START The data
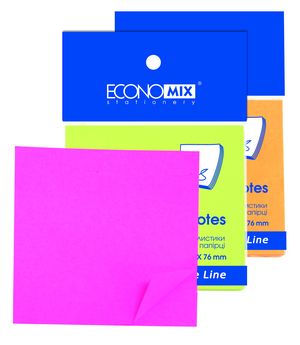 Блок бумаги с клейким слоем 76х76 мм Economix E20944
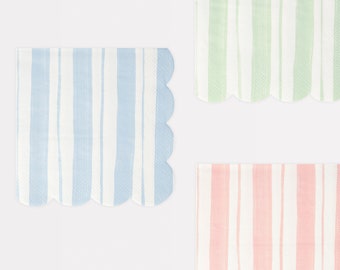 Ticking Stripe Small Napkins (x 16)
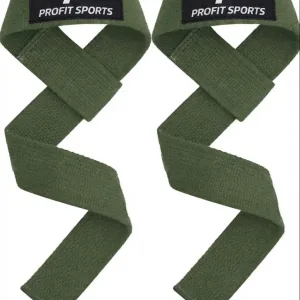 Green lifting straps for deadlifts, wholesale private label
END The data
Drop the pictures, then reproduce exactly the lines from the one with "Ticking Stripe Small Napkins (x 16)" through the final line of the listing.

 Ticking Stripe Small Napkins (x 16)
 Green lifting straps for deadlifts, wholesale private label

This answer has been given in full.